[Task goal] Return the run of lines below that opens with the line containing "Wave Leather Three-Seater" and closes with the line containing "Mitsubishi Eclipse GT Spyder 2009", keeping each one exact.

[Input material]
********************

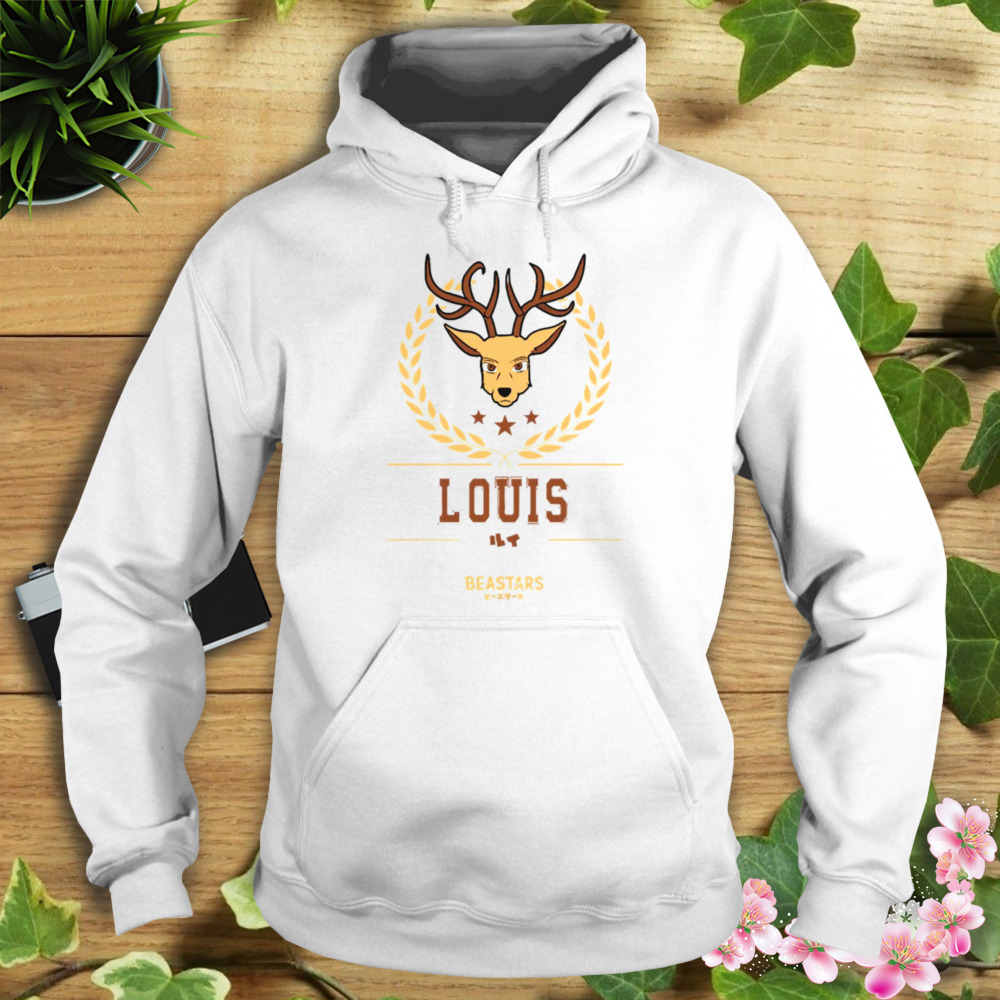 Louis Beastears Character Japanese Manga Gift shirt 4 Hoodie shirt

********************

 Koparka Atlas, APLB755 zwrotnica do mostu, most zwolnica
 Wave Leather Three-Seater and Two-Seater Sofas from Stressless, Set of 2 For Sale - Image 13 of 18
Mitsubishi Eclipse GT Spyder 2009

********************

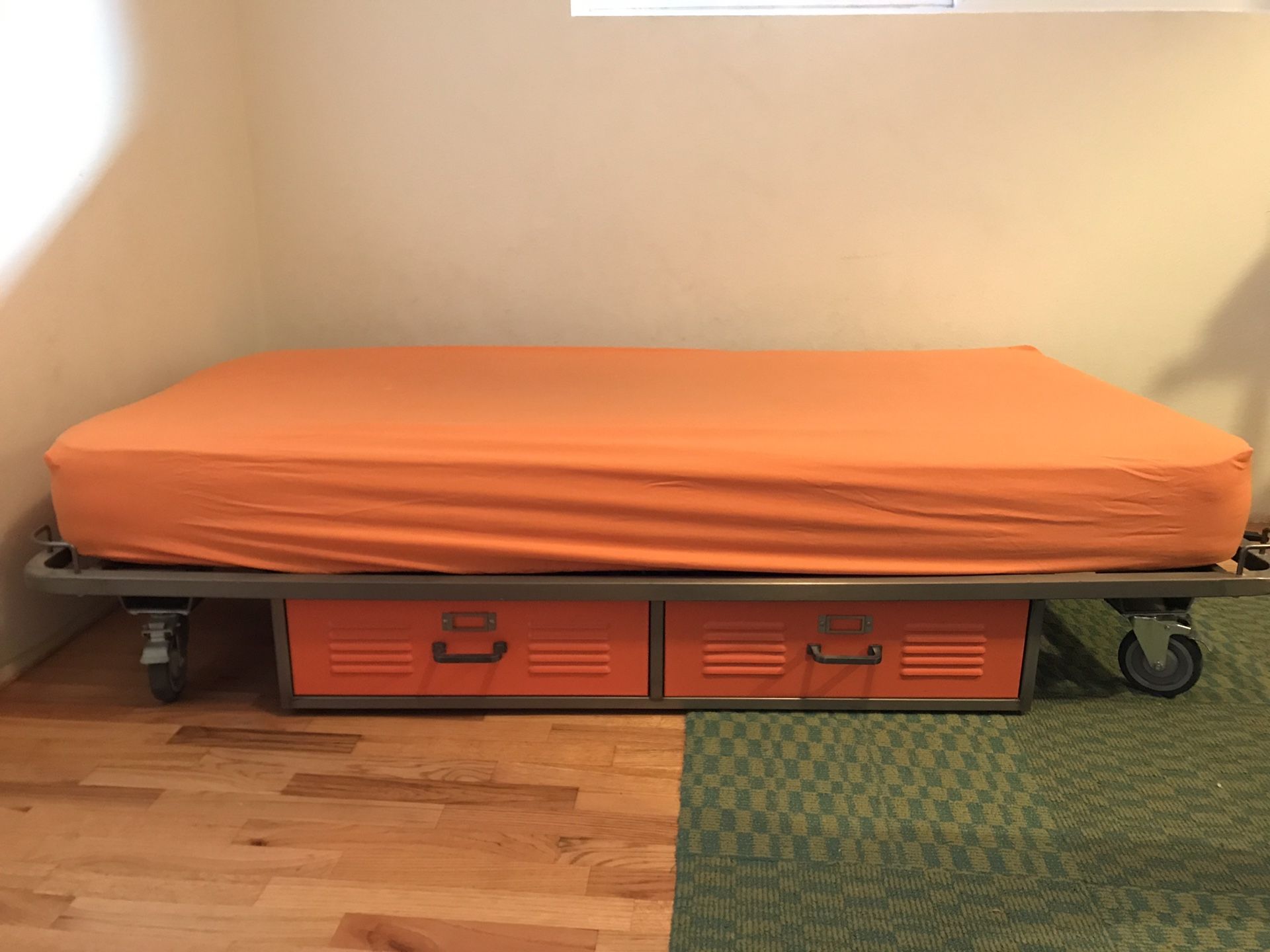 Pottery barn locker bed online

********************

[Task output]
 Wave Leather Three-Seater and Two-Seater Sofas from Stressless, Set of 2 For Sale - Image 13 of 18
Mitsubishi Eclipse GT Spyder 2009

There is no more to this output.